Potter encontrava-se de bruços no chão, encantado com o brinquedo.
- Mas é surpreendente! Eu não fazia idéia de que você gostasse de trens.
Gina riu.
- Sempre me senti culpada por mantê-los dentro das caixas, quando milhões de crianças fariam qualquer para poder brincar com eles.
- Também me sinto assim. Tinha oito anos quando meu avô me presenteou com um desses.. Na verdade, ele estava presenteando a si mesmo. Adorava brincar. –disse, sorrindo. De repente seu rosto ficou sério. - Quando fui para Houston com papai, senti tanta falta do trenzinho quanto de meus avós. Demorei para voltar mas, quando fiz isso, o trenzinho ainda funcionava.
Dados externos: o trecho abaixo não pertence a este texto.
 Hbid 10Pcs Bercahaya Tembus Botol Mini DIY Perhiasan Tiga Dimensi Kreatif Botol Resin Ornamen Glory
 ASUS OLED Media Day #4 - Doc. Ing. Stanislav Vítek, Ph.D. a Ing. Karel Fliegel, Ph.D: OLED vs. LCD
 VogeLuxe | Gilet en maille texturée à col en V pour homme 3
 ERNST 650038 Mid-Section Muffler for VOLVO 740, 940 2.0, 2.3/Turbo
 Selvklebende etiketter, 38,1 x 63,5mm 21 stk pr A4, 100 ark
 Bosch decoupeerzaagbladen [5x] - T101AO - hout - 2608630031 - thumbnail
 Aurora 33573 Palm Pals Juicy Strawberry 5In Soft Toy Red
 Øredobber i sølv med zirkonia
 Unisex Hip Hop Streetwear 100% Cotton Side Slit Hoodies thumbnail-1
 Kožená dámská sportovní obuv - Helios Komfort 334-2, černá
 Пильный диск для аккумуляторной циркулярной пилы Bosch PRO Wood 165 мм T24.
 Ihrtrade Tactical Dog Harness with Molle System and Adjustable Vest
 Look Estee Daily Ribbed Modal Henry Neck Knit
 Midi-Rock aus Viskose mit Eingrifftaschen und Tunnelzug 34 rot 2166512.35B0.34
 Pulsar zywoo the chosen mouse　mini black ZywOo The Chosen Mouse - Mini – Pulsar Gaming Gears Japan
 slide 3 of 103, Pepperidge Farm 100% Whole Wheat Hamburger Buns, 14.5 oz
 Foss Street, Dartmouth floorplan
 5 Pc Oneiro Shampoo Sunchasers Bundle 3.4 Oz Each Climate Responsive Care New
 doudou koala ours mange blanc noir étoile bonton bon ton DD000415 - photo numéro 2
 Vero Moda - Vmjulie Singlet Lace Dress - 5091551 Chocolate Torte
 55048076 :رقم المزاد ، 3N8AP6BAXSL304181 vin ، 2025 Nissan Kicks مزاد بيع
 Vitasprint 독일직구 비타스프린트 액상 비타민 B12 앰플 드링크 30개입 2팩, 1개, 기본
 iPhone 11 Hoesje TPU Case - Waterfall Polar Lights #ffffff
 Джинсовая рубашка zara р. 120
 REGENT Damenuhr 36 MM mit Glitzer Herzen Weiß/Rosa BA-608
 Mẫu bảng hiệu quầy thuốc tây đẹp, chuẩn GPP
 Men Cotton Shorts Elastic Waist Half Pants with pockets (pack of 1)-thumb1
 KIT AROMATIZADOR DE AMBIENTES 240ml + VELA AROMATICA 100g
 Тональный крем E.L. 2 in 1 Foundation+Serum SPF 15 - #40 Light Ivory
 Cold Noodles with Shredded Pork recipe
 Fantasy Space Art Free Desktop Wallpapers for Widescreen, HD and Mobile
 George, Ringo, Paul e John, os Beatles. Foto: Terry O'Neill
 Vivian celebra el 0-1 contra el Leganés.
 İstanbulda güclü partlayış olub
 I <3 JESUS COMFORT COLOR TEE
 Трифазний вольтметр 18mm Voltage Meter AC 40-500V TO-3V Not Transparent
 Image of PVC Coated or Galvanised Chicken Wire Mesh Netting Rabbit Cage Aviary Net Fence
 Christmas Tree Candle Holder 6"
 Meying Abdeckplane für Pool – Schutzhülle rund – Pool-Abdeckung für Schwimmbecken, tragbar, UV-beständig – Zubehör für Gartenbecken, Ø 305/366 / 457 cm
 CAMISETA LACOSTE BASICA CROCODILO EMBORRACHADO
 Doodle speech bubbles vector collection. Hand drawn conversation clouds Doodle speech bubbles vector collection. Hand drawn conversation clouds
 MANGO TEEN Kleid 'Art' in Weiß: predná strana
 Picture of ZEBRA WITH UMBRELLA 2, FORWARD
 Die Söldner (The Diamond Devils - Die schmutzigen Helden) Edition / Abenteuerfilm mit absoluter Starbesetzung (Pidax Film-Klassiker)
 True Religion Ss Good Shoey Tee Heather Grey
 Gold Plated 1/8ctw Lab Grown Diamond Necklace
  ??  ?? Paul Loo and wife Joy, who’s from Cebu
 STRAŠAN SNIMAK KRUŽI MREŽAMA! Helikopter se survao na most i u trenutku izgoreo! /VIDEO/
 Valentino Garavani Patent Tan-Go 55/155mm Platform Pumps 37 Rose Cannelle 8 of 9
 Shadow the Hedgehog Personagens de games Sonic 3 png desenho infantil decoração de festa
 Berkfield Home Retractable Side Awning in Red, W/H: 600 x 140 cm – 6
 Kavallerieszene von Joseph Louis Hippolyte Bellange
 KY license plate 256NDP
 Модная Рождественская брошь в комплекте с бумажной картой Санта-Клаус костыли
- Você disse que não contou a Jane sobre seu pai...
- É verdade. É algo do qual durante muito tempo me envergonhei.
- Mas não devia. Certo ou errado, as crianças fazem sempre o que as mandam fazer.
- Eu estava ciente de que era errado, mas tinha medo de meu pai. - Potter voltou-se e sorriu. - Você deve entender o que estou dizendo.
- Mais do que ninguém.
Ele apoiou o queixo nas mãos e olhou, pensativo, para o trenzinho.
- Graças a Deus pode contar com a ajuda de pessoas bem intencionadas. Hoje procuro, de alguma forma, retribuir. Por isso fiz medicina. Para poder ajudar quem precisa.
- Entendo.
Gina se pôs a observá-lo. Potter era tão diferente, assim relaxado...Tão mais gentil...Lembrou que logo não se veriam mais. Seu olhar triste voltou-se para o pequeno trem. O barulho dos vagões soava como uma cantiga reconfortante e deliciosa em seus ouvidos.
- Você precisa comprar mais alguns acessórios para ficar completo. - disse ele -Se houvesse alguma loja de brinquedos por perto,poderíamos ir comprar. Mas já deve estar tudo fechado.
- Creio que sim.
- Se você ficasse na cidade, poderíamos juntar o que temos e formar um grande circuito. Poderíamos montar as pontes e os prédios com os novos acessórios que comprarmos.
Gina admirou-se com aquele entusiasmo. No entanto,estava mais interessada em aproveitar bem o tempo que lhes restava.
- Seria muito bom, mas já assinei um contrato e tenho de cumpri-lo.
- Contratos podem ser rompidos. Há sempre uma cláusula que prevê estes casos.
- Há gente demais comentando sobre nós, interferindo em nossas vidas. Não gosto disso.
- Em cidadezinhas como esta não há como evitar. – Potter puxou uma pequena alavanca, que desviou os trilhos, e o trem mudou de curso. -Não é uma beleza ?
- Acho. - Gina riu - Se eu tivesse mais tempo livre, brincaria todos os dias. É bom estar de folga nesse fim de semana. Como conseguiu?
- Com ameaças e subornos. – brincou ele - Nós dois trabalhamos no Natal passado, lembra-se?
- Claro que me lembro. E, como sempre, brigamos.
- Mas as brigas eram necessárias, sabia?- disse ele, rolando no chão. - Se não brigássemos. Com certeza eu a deitaria sobre a mesa de exames e faria amor com você a toda hora.
- Oh, Potter...
- O problema era que você se afastava bruscamente toda vez que eu me aproximava. Foi o que a salvou. Desejei-a muito , doutora, e lutei contra isso como um louco- confessou ele, acariciando-lhe o rosto, explorando-lhe a boca.
- Pare com isso. - ela pediu.
- Por quê? Você gosta, e eu também.- Aproximou-se e passou a perna sobre a dela, prendendo-a ao chão. - Posso sentir as batidas do seu coração...sua respiração entrecortada...-constatou, a boca colada à dela. A mão máscula e forte deslizou até seus seios, parando ali para brincar com os mamilos. - Sente isso? Seu corpo gosta de mim.
Gina abriu a boca para protestar, mas retraiu-se. Era noite de Natal e ela ama aquele homem. Não havia por que resistir.